* [Your task]
Please copy exactly every line from the one that contains "Фото Коллекционная карта" to the end of the data below, with both ends included and no other lines.

[Short web captions]

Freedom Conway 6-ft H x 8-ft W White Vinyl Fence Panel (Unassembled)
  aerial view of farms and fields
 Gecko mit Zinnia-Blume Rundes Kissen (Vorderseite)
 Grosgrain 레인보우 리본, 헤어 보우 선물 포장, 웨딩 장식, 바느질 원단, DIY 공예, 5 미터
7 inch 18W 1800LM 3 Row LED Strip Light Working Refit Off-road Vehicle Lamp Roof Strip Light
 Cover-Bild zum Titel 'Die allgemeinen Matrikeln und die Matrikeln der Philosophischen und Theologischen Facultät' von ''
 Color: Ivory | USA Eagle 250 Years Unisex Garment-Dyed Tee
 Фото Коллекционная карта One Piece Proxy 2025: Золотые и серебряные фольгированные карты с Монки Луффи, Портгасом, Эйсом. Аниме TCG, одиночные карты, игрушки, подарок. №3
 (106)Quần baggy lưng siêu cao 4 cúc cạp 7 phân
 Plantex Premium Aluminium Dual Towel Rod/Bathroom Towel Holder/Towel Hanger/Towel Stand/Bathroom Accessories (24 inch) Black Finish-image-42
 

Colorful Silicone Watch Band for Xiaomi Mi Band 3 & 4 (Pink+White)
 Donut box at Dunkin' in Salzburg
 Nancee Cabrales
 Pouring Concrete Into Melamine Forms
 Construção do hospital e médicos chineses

* [Finished exercise]
 Фото Коллекционная карта One Piece Proxy 2025: Золотые и серебряные фольгированные карты с Монки Луффи, Портгасом, Эйсом. Аниме TCG, одиночные карты, игрушки, подарок. №3
 (106)Quần baggy lưng siêu cao 4 cúc cạp 7 phân
 Plantex Premium Aluminium Dual Towel Rod/Bathroom Towel Holder/Towel Hanger/Towel Stand/Bathroom Accessories (24 inch) Black Finish-image-42
 

Colorful Silicone Watch Band for Xiaomi Mi Band 3 & 4 (Pink+White)
 Donut box at Dunkin' in Salzburg
 Nancee Cabrales
 Pouring Concrete Into Melamine Forms
 Construção do hospital e médicos chineses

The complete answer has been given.